● TASK PROMPT
The reply should hold only the lines below beginning at the one with "BMW 5 Series" and ending at the one with "Ford Kuga — imagine 4", copied exactly, with every picture left out.

● DATASET ENTRIES

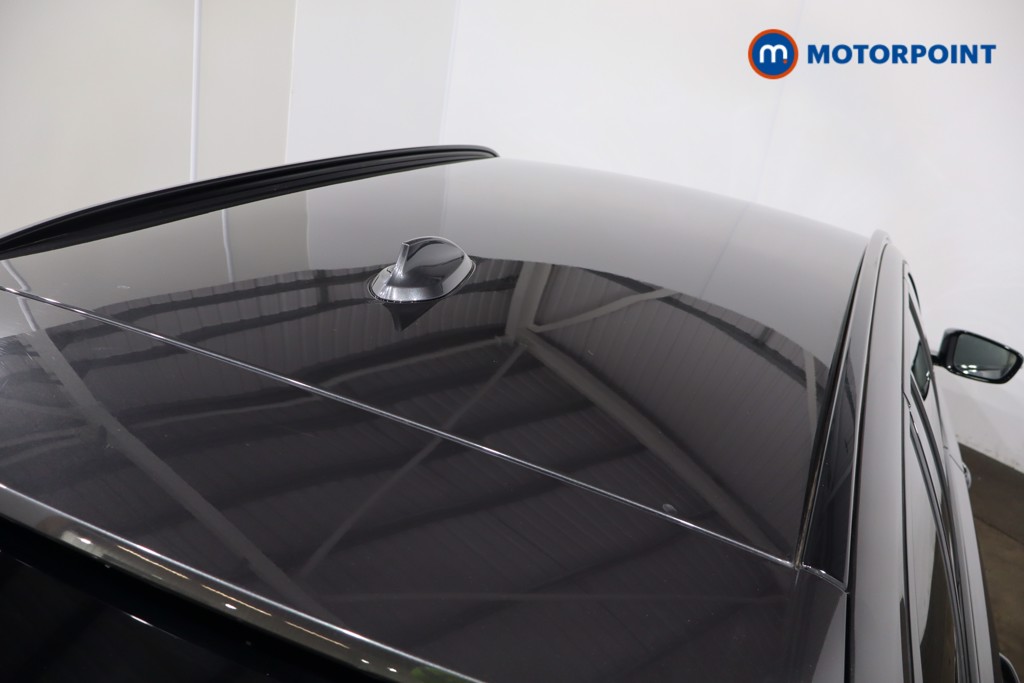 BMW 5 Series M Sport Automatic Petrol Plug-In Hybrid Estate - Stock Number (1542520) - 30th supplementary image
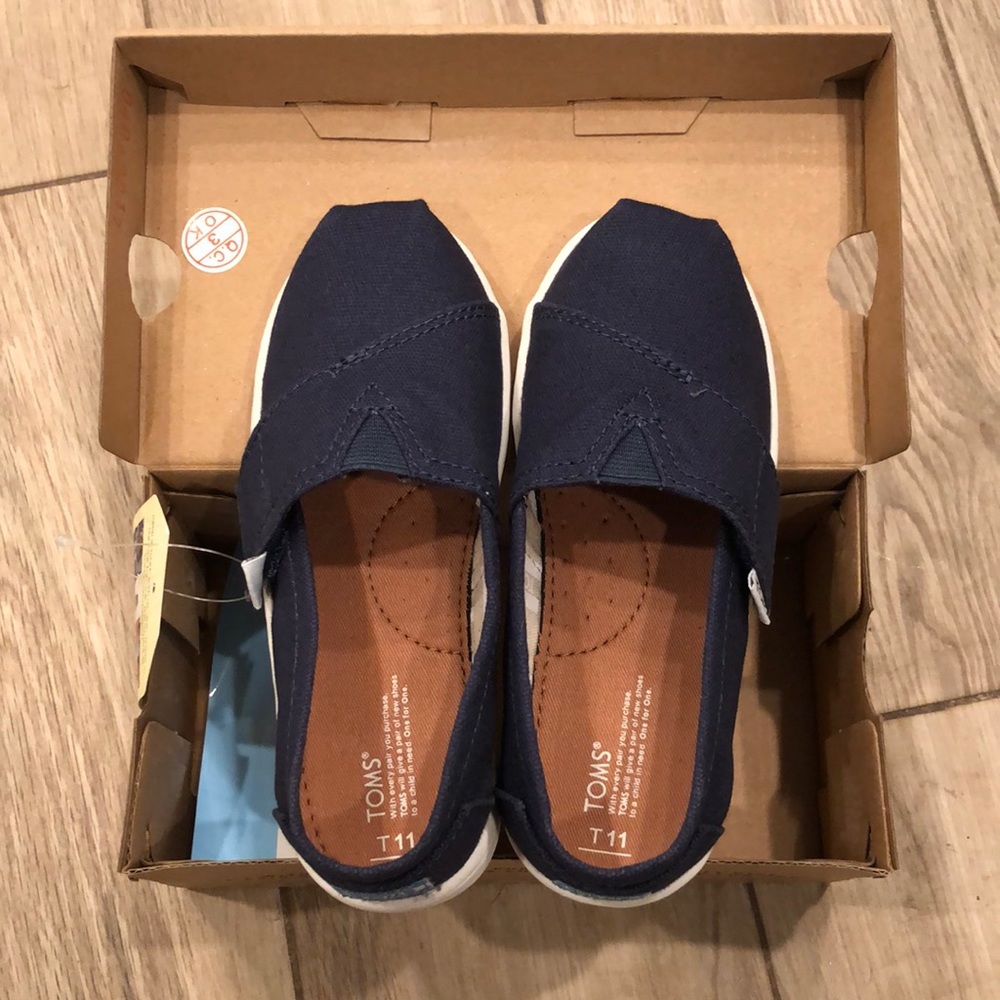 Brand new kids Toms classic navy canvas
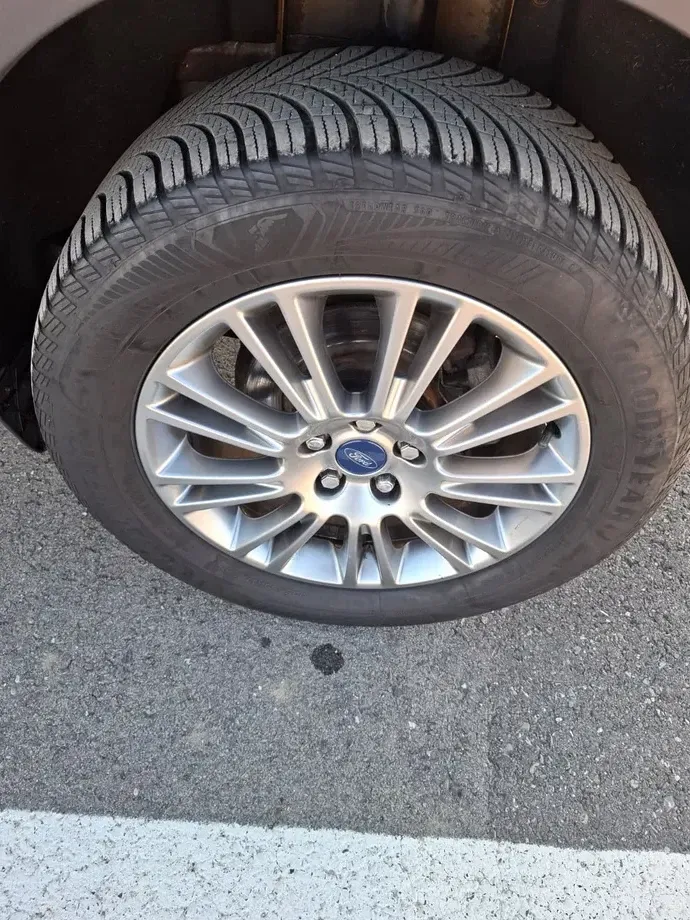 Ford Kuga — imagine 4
* * *
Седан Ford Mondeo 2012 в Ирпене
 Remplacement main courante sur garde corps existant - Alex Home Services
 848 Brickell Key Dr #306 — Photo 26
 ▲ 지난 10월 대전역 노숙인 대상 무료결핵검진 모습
==
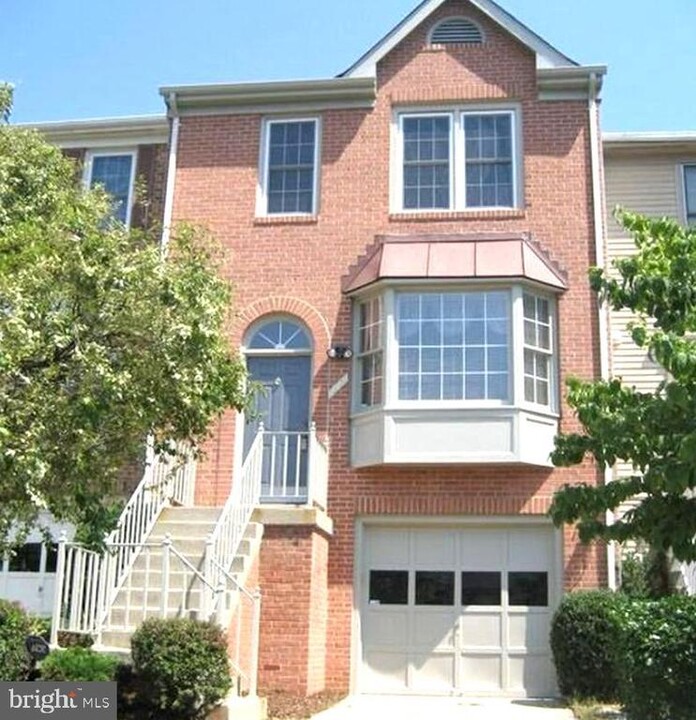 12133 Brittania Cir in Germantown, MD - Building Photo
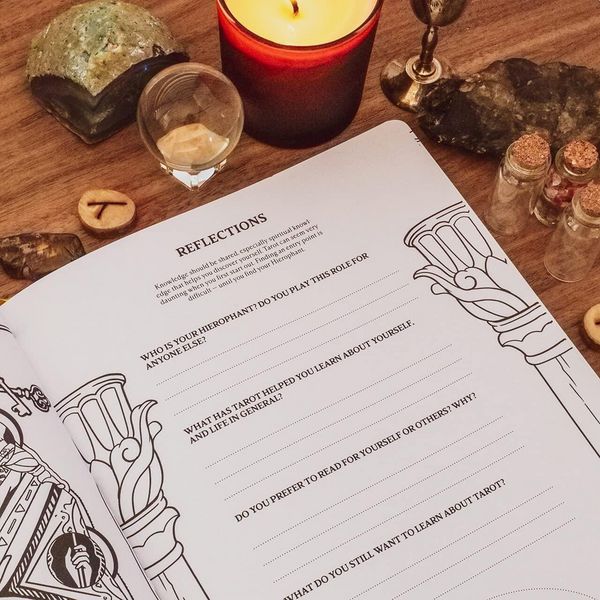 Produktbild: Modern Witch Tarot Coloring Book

● WRITTEN SOLUTION
 BMW 5 Series M Sport Automatic Petrol Plug-In Hybrid Estate - Stock Number (1542520) - 30th supplementary image
 Brand new kids Toms classic navy canvas
 Ford Kuga — imagine 4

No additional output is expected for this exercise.